-- MATERIAL TO PROCESS follows --
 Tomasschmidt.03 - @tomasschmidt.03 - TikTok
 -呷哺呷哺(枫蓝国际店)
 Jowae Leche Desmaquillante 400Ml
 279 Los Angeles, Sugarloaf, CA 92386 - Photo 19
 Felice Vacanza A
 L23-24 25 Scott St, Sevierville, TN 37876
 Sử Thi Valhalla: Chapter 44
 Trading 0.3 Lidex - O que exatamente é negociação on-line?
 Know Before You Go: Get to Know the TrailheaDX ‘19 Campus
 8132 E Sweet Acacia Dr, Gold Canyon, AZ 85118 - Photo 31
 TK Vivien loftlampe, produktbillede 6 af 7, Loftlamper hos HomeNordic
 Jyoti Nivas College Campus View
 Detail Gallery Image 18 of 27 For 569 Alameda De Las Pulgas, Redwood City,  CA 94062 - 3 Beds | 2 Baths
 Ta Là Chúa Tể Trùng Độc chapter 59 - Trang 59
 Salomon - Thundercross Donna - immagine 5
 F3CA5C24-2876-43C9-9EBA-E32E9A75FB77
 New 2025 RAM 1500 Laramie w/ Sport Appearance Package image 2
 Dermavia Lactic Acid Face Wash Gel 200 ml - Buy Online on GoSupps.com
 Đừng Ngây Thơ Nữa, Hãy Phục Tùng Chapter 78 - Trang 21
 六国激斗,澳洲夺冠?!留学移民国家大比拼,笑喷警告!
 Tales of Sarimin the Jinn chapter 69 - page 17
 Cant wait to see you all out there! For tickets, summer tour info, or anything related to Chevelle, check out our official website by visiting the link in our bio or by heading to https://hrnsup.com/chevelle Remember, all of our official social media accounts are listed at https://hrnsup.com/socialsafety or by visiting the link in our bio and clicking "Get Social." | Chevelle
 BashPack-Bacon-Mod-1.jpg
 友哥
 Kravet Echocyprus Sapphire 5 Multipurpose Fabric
-- MATERIAL TO PROCESS concluded --
Please find every line in the records above that holds the word "Campus" and copy it.

TASK RESPONSE
 Know Before You Go: Get to Know the TrailheaDX ‘19 Campus
 Jyoti Nivas College Campus View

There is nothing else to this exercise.